SL6 Limited v Fat Duck Pty Ltd

Case

[2012] FCA 71

7 February 2012


FEDERAL COURT OF AUSTRALIA

SL6 Limited v Fat Duck Pty Ltd [2012] FCA 71

Citation: SL6 Limited v Fat Duck Pty Ltd [2012] FCA 71
Parties: SL6 LIMITED, THE FAT DUCK LIMITED and TFDG LIMITED v FAT DUCK PTY LTD (ACN 150 661 466), FAT DUCK (NSW) PTY LTD (ACN 150 661 635), CHAPTER ONE HOLDINGS PTY LTD (ACN 128 306 098), GEORGE NAHAS and TOUFIC CHIDIAC
File number: NSD 1933 of 2011
Judge: FOSTER J
Date of judgment: 7 February 2012
Date of hearing: 7 February 2012
Place: Sydney
Division: GENERAL DIVISION
Category: No Catchwords
Number of paragraphs: 27
Counsel for the Applicants: Mr IS Wylie
Solicitor for the Applicants: Thomsons Lawyers
Counsel for the First, Second and Third Respondents: The First, Second and Third Respondents appeared by the Fifth Respondent (by leave)
Counsel for the Fourth and Fifth Respondents: The Fourth and Fifth Respondents appeared in person

IN THE FEDERAL COURT OF AUSTRALIA

NEW SOUTH WALES DISTRICT REGISTRY

GENERAL DIVISION

NSD 1933 of 2011

BETWEEN:

SL6 LIMITED
First Applicant

THE FAT DUCK LIMITED
Second Applicant

TFDG LIMITED
Third Applicant

AND:

FAT DUCK PTY LTD (ACN 150 661 466)
First Respondent

FAT DUCK (NSW) PTY LTD (ACN 150 661 635)
Second Respondent

CHAPTER ONE HOLDINGS PTY LTD (ACN 128 306 098)
Third Respondent

GEORGE NAHAS
Fourth Respondent

TOUFIC CHIDIAC
Fifth Respondent

JUDGE:

FOSTER J

DATE OF ORDER:

7 FEBRUARY 2012

WHERE MADE:

SYDNEY

BY CONSENT, THE COURT NOTES THAT:

1.The respondents acknowledge and accept that the signage with tape affixed to it which is described in paragraphs 5–6 and 12–13 of the affidavit of Jessica Cameron affirmed on 2 February 2012 and in paragraphs 3–5 of the affidavit of Feng Guo affirmed on 3 February 2012 in this proceeding (and in the annexures to those paragraphs) does not comply with Orders 2 and 3 made on 30 November 2011.

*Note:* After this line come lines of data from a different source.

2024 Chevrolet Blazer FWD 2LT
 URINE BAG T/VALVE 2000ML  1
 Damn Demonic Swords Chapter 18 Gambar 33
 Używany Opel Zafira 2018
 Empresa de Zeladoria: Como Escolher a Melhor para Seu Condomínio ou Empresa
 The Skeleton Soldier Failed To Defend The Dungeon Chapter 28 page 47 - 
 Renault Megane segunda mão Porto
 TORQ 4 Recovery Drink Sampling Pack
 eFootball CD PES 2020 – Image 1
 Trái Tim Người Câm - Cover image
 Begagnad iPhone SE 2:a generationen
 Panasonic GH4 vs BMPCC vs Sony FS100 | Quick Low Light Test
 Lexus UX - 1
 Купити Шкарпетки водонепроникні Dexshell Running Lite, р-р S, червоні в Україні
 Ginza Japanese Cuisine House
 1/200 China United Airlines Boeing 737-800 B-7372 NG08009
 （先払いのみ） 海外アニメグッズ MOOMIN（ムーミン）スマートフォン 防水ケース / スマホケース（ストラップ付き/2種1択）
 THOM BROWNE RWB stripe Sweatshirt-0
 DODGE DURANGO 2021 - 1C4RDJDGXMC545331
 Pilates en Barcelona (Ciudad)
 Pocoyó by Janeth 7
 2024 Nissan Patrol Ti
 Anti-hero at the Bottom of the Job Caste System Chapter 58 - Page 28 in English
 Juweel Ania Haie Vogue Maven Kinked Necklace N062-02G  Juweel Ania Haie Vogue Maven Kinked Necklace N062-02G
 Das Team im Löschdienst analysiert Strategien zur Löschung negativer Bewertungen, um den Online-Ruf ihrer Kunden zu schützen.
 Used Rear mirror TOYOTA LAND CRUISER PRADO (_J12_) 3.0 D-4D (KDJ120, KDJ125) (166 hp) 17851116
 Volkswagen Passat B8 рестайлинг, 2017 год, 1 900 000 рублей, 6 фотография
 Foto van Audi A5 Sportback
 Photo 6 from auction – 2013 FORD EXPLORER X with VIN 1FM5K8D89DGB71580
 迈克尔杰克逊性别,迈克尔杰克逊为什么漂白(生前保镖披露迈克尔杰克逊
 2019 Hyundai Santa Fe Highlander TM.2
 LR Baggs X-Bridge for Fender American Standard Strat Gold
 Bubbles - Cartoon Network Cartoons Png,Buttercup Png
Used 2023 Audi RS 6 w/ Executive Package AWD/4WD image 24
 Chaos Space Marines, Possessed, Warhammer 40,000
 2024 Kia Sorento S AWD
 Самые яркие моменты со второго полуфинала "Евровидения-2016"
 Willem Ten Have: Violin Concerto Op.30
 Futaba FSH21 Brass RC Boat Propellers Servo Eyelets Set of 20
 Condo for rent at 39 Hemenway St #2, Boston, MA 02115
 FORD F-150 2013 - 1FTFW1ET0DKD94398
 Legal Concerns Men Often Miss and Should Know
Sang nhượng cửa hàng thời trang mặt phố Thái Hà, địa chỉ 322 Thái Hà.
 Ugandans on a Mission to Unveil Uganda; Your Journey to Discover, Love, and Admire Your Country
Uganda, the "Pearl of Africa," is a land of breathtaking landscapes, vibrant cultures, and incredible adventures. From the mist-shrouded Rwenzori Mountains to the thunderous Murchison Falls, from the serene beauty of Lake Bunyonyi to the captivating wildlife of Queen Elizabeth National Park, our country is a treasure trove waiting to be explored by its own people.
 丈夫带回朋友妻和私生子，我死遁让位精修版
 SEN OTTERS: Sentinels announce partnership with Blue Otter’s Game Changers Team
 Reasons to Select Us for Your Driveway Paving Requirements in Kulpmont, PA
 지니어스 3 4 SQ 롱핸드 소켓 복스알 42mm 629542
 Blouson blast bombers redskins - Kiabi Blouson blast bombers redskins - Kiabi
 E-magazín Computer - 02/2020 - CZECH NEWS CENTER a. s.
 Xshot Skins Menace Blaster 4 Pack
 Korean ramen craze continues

2.The respondents acknowledge and accept that the signage and use of the words and mark “Fat Duck” described in:

(a)paragraphs 3–11 of the affidavit of Catherine Chant sworn on 2 February 2012;

(b)paragraphs 8–9 of the affidavit of Jessica Cameron affirmed on 2 February 2012;

(c)paragraphs 6–7 of the affidavit of Feng Guo affirmed on 3 February 2012; and

(d)paragraphs 2–7 of the affidavit of Selina McManus affirmed on 2 February 2012,

in this proceeding (and the annexures referred to in those paragraphs) do not comply with Orders 2 and 3 made on 30 November 2011.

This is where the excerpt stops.